Over the last year or so, I have been working on my personal fitness. This pursuit has been spiritual, emotional, relational, and physical. I intentionally try not to say “health” because that implies that at some point I will be “healthy.” That’s a finite game. I don’t want to play that game. I want to play an infinite game of pursuing fitness. I can always be more fit; there is infinite growth there.

As I pursue personal fitness, there is one question that I wrestle with more than any other: “Why do I do what I do?” The answer is elusive.

More often than not, I discover that the reason I do many things is one simple reason: comfort. This pursuit of comfort would have been known as being led by one’s stomach in the past. The stomach was understood to be the seat of desire. This makes sense when you consider a society that was, by and large, existing at a subsistence level. Even the very wealthy would be considered poor by today’s standards.

I avoid pain and discomfort as often as possible. Just the other day, I finished eating my meal. I knew that I was no longer hungry. But I was not ready to stop eating. It was hard to enter into the discomfort and stop. The act of eating is comfortable for me because I can control it.

Jesus has an interesting conversation about the stomach…

When they found him on the other side of the lake, they asked him, “Rabbi, when did you get here?”

Jesus answered, “Very truly I tell you, you are looking for me, not because you saw the signs I performed but because you ate the loaves and had your fill. Do not work for food that spoils, but for food that endures to eternal life, which the Son of Man will give you. For on him God the Father has placed his seal of approval.”

Then they asked him, “What must we do to do the works God requires?”

Jesus answered, “The work of God is this: to believe in the one he has sent.” John 6:25-29

A note: This conversation is actually quite long and spans over 34 verses!
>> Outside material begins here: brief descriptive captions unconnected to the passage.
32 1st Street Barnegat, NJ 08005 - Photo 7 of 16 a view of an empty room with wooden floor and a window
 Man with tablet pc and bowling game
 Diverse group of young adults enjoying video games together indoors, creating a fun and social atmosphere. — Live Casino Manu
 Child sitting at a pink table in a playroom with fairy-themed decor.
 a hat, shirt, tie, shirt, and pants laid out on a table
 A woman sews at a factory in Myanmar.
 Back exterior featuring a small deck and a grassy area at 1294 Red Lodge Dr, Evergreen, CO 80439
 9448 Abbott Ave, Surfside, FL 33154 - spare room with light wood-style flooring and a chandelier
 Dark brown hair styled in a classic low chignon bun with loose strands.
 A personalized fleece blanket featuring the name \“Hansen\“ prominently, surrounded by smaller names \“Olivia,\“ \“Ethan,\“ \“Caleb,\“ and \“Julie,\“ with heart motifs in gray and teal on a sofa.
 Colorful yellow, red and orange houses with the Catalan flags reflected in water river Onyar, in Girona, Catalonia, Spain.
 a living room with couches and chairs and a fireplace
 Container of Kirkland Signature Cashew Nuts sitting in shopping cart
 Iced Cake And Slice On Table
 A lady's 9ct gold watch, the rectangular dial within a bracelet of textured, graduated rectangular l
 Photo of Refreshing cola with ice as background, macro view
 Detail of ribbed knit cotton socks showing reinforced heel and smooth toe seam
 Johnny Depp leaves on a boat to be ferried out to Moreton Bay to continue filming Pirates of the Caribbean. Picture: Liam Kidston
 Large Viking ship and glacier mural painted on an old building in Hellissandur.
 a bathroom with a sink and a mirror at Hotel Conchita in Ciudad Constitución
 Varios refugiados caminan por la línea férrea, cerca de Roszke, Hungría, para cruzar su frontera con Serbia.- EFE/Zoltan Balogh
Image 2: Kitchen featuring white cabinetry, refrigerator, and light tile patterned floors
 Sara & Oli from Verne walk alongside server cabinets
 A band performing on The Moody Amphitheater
To do it justice, I am going to reflect on it in chunks over multiple posts.

The context for this conversation is that the people had just been miraculously fed by Jesus. There were likely 20,000 or more people who were fed with a handful of loaves and fish. They had all they wanted to eat, and afterward, there were twelve baskets of leftovers! These were people who lived life, actually and truly, wondering where their next meal would come from. So, to be able to eat to the full of not just bread but also fish was a remarkable experience.

You can’t blame them for wanting more!

Jesus doesn’t mess around in this conversation. Can you try to picture the interaction in your mind? (We learn at the end of the passage that this interaction took place at the synagogue in Capernaum.) The people drop a “Jesus, when did you arrive?” It almost has the sense of them trying to play it off like they would have come there anyway.

In my head, I see Ted Mosby from How I Met Your Mother trying to be nonchalant with Robin as he’s trying to walk back his quick, “I love you.”

Jesus isn’t buying it, and he challenges their motives. He knows that they chased him around the lake not for spiritual reasons but because they wanted their bellies filled again. He’s saying, “You’re being led by your stomach.” They want the material good that Jesus provided them, not the spiritual good that is more important.

Jesus wants them to see what is really going on here. That they can have something that is eternal and real. Do you remember his conversation with the woman at the well? It’s the same here, only now it’s food. He is offering them eternal life and doesn’t want them to miss it.

“Do not work for food that spoils.”

This pursuit of the temporal, the immediate, the material will ultimately let you down.

They respond, “Tell us how!”

The answer? Believe in the one that God has sent.

It is remarkable that we chase and chase after the things of this world that are fleeting. We so deeply desire stuff that ultimately spoils. Jesus challenges us to consider the reality that we can rest in him and, in so doing, receive something that never spoils, eternal life.